Task details
Each line of the listing, apart from the pictures, is to be printed exactly.

Given information
****************************************
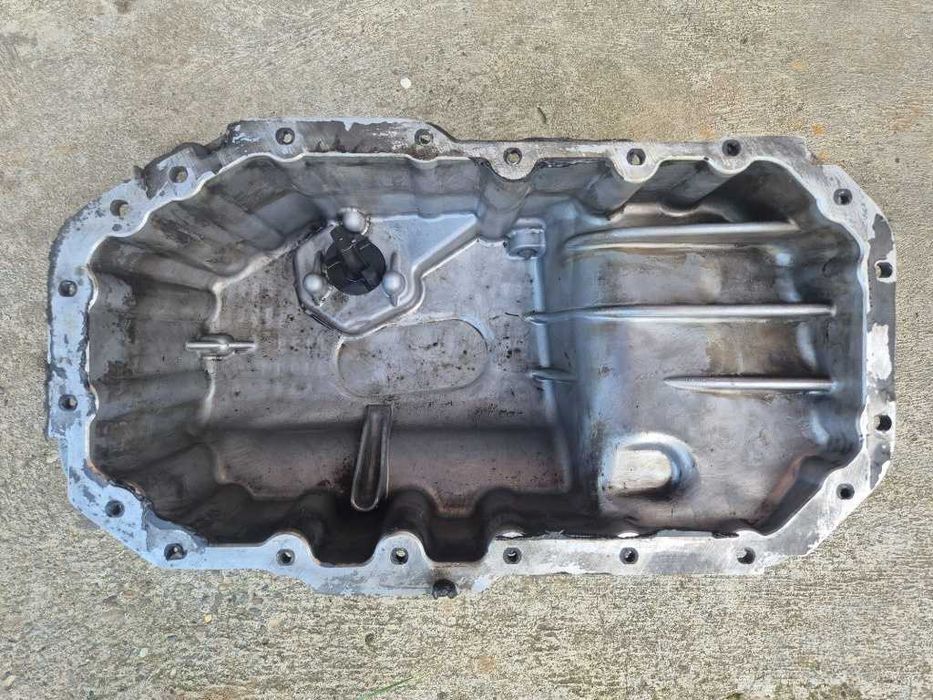 baie ulei cu senzor 1.4 tsi / 160cp / 122 cp. vw audi skoda 03c103603t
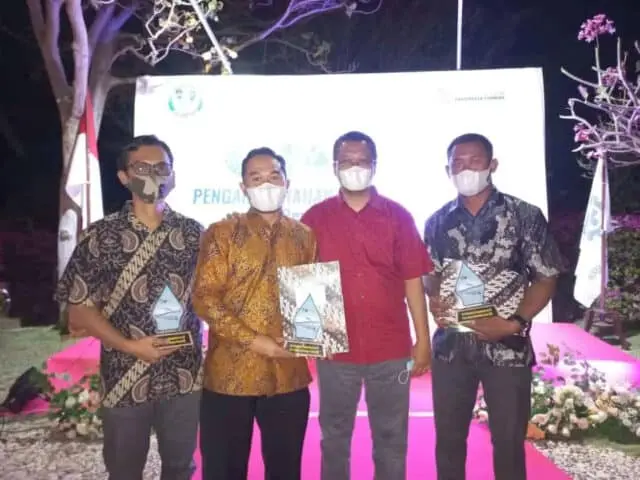 Elnusa Petrofin Unit FT Badas Raih Penghargaan dari Gubernur Nusa Tenggara Barat Elnusa Petrofin Unit FT Badas Raih Penghargaan dari Gubernur Nusa Tenggara Barat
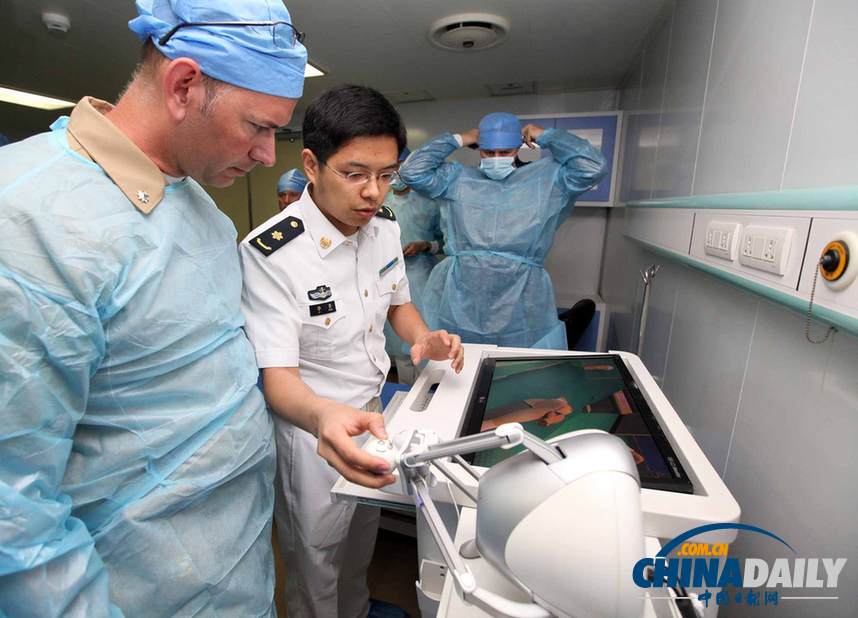 “环太平洋—2014”演习医务人员参观中国海军和平方舟医院船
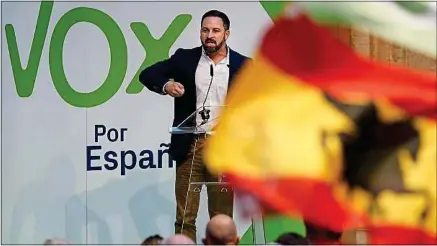  ??  ?? Santiago Abascal, le leader de Vox, a opté pour une stratégie de communicat­ion directe via WhatsApp, notamment.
****************************************
Result of this task
 baie ulei cu senzor 1.4 tsi / 160cp / 122 cp. vw audi skoda 03c103603t
 Elnusa Petrofin Unit FT Badas Raih Penghargaan dari Gubernur Nusa Tenggara Barat Elnusa Petrofin Unit FT Badas Raih Penghargaan dari Gubernur Nusa Tenggara Barat
 “环太平洋—2014”演习医务人员参观中国海军和平方舟医院船
  ??  ?? Santiago Abascal, le leader de Vox, a opté pour une stratégie de communicat­ion directe via WhatsApp, notamment.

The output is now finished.